§ The data:

^^^^^^^^^^^^^^^^

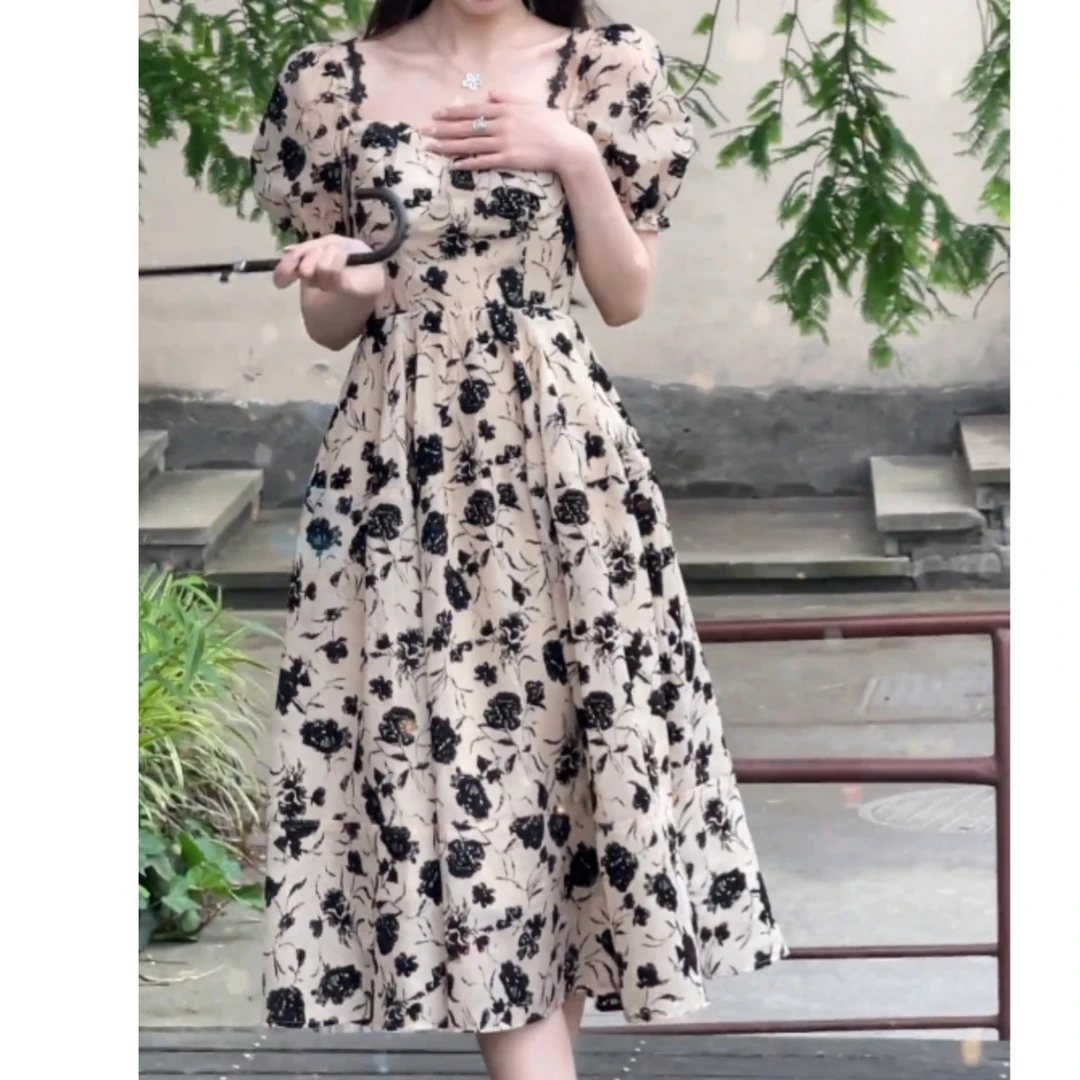 2025夏装新款女复古气质时尚裙子碎花泡泡袖连衣裙M6469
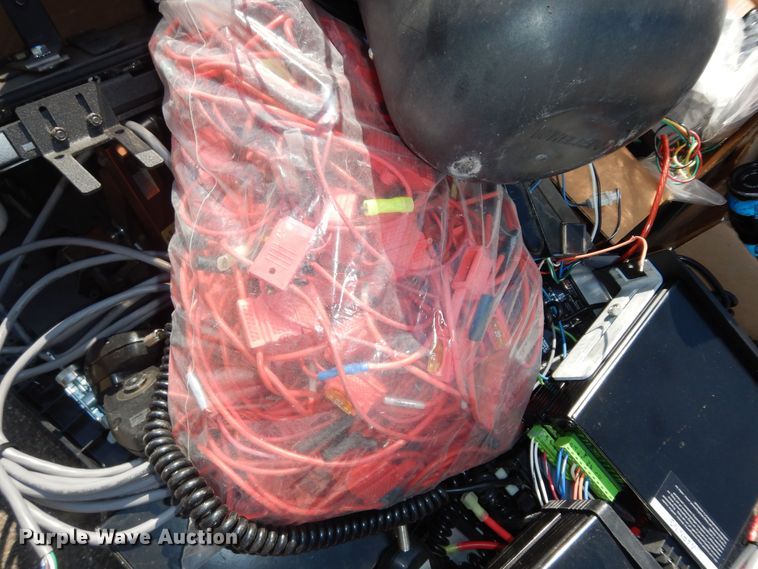 image for item LR9897 Automotive accessories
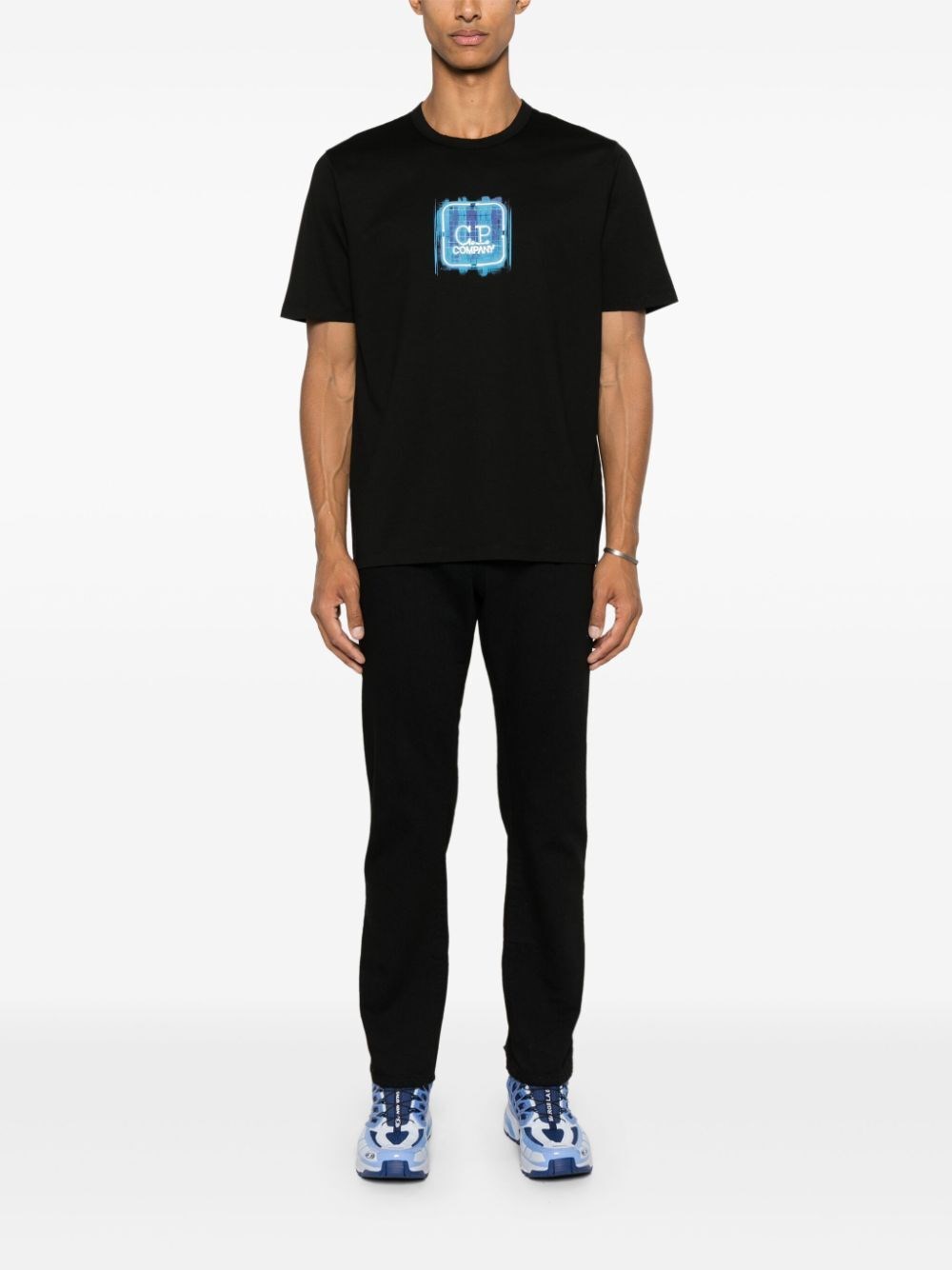 C.p. company `Metropolis Series` Embossed Logo Badge T-Shirt Presa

^^^^^^^^^^^^^^^^

§ Aim of the task: Please return the full listing word for word, but without any pictures.

§ Answer to this exercise:
 2025夏装新款女复古气质时尚裙子碎花泡泡袖连衣裙M6469
 image for item LR9897 Automotive accessories
 C.p. company `Metropolis Series` Embossed Logo Badge T-Shirt Presa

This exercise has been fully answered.